Exercise objective: Everything from the line with "Enjoy a cup" to the line with "Las Vegas F" in the listing below, both lines included, needs to be copied exactly, apart from the pictures.

===== Recorded information =====

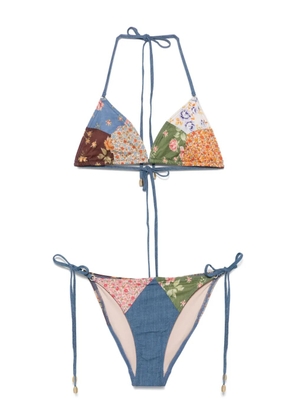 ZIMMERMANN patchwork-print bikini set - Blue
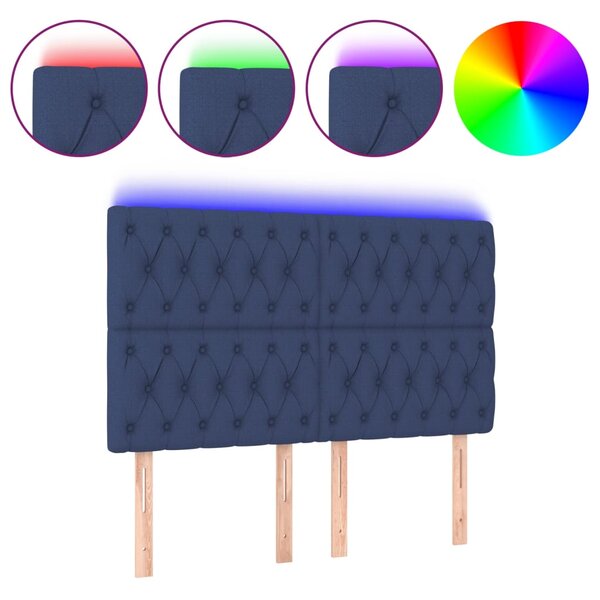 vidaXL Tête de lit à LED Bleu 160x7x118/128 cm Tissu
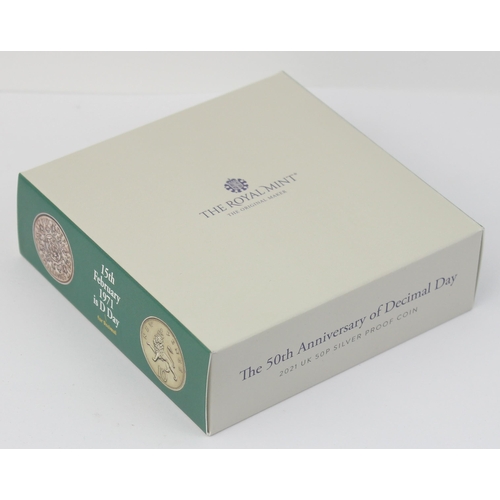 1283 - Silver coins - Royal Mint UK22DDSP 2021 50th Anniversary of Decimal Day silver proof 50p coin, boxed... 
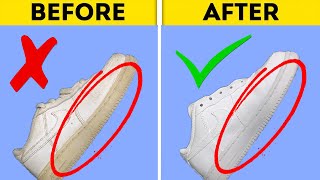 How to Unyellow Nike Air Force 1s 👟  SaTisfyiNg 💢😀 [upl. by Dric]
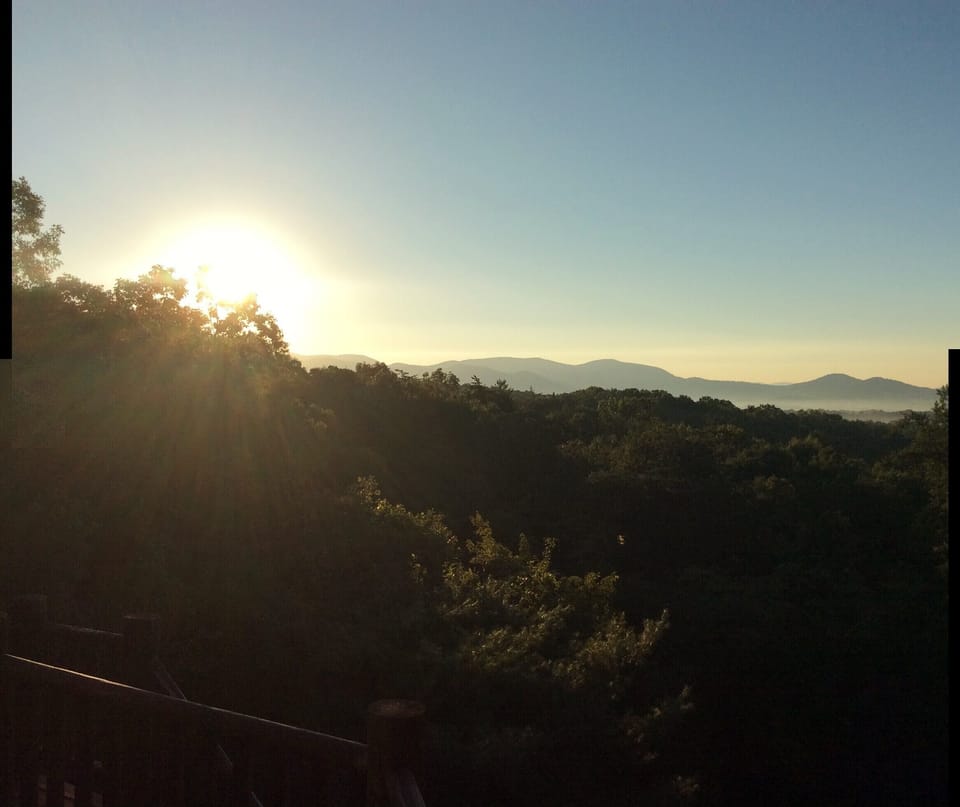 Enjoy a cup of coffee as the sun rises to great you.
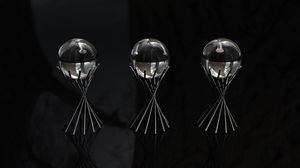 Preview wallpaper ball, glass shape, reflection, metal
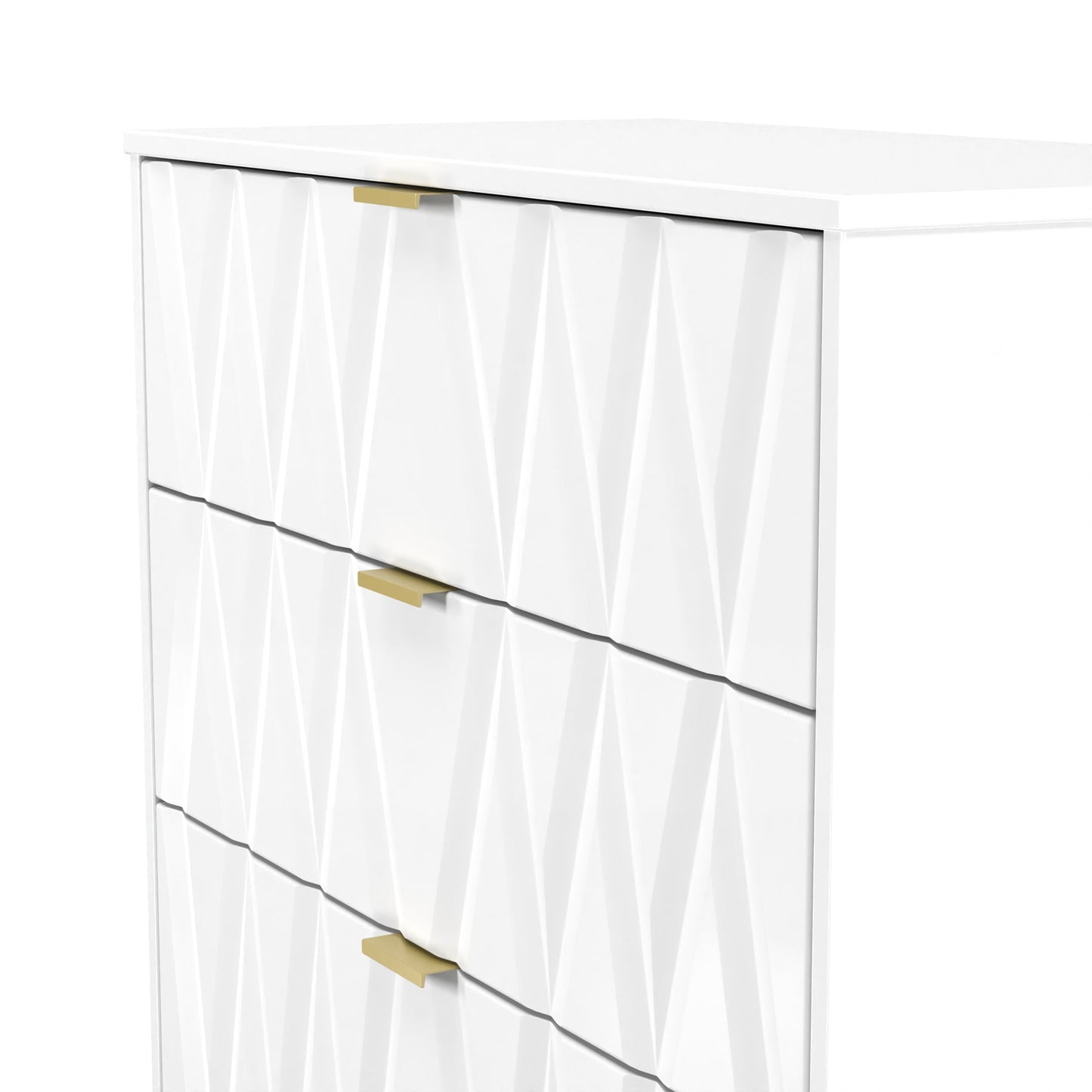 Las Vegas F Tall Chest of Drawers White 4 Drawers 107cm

=====
===== Recorded information =====

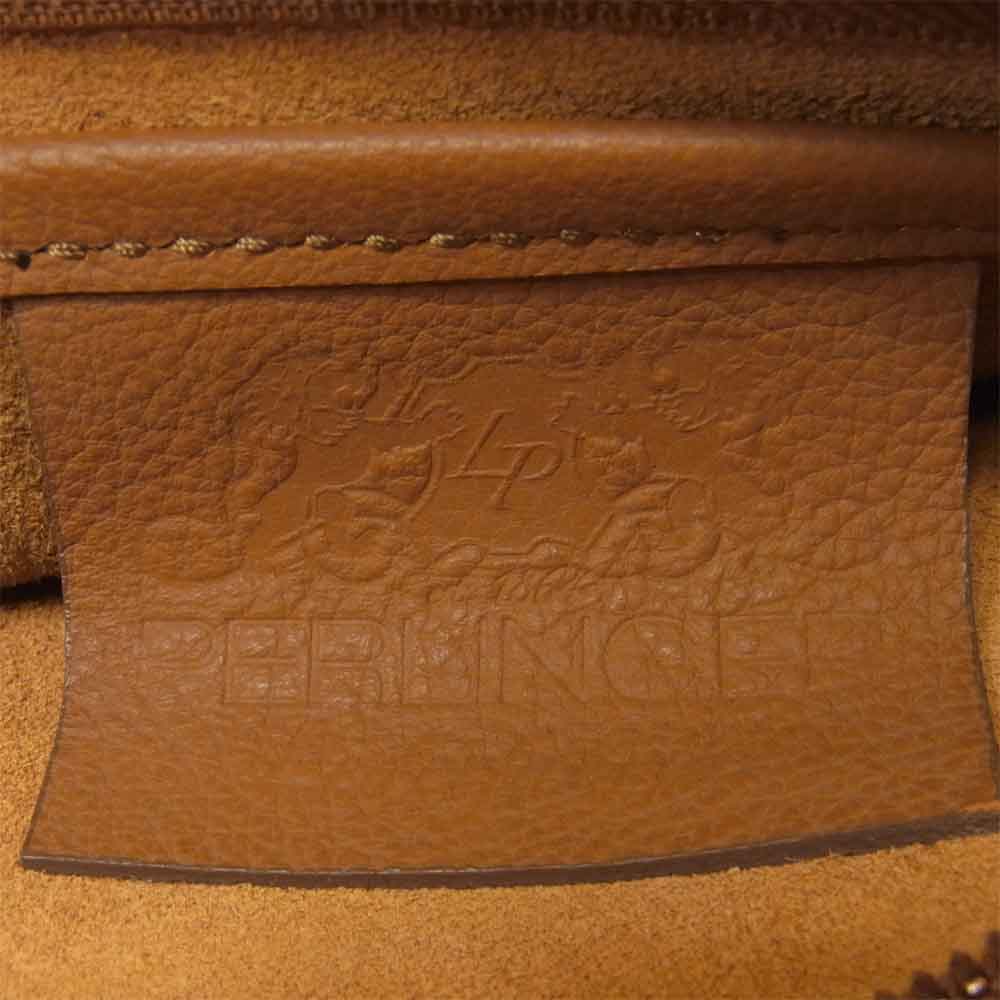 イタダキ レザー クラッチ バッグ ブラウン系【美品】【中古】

=====
===== Recorded information =====

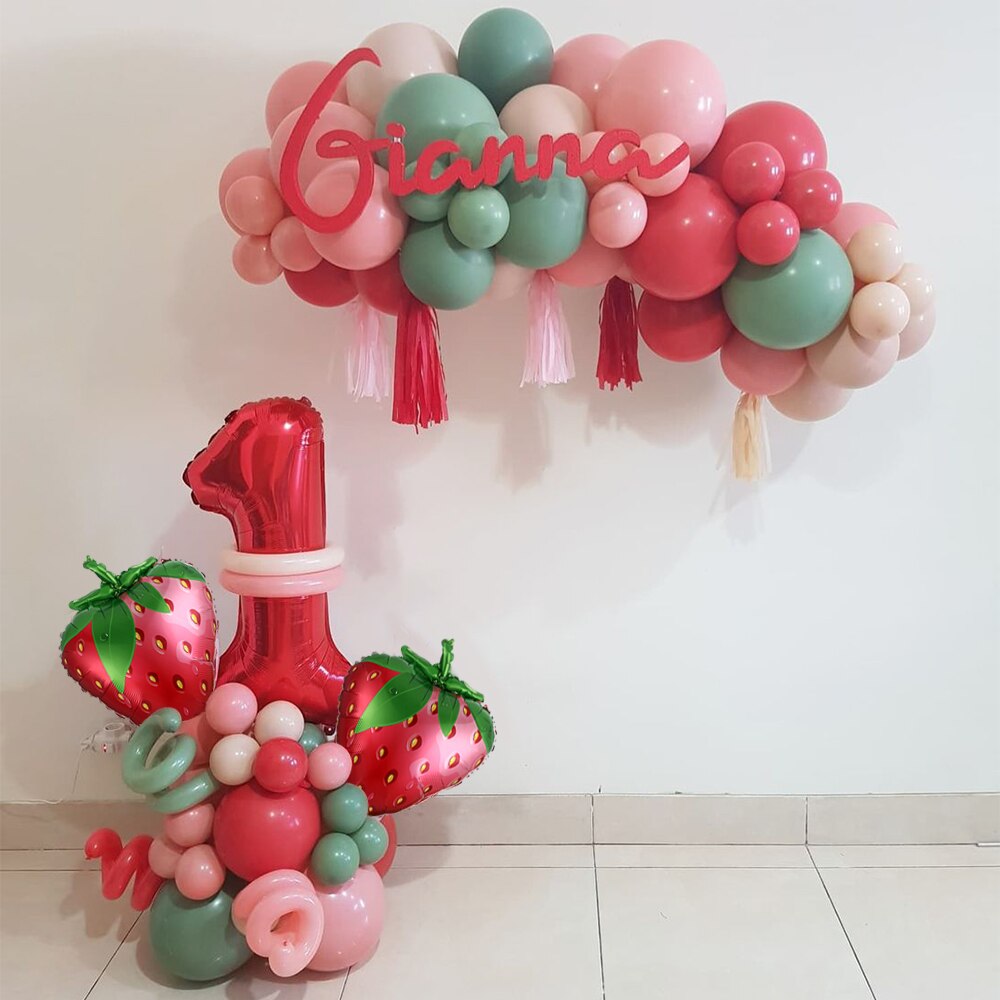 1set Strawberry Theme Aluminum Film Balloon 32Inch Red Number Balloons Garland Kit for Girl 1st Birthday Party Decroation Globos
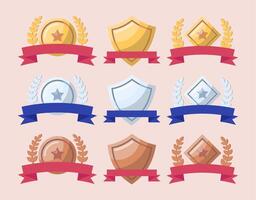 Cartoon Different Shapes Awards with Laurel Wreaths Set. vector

=====

Reply:
 Enjoy a cup of coffee as the sun rises to great you.
 Preview wallpaper ball, glass shape, reflection, metal
 Las Vegas F Tall Chest of Drawers White 4 Drawers 107cm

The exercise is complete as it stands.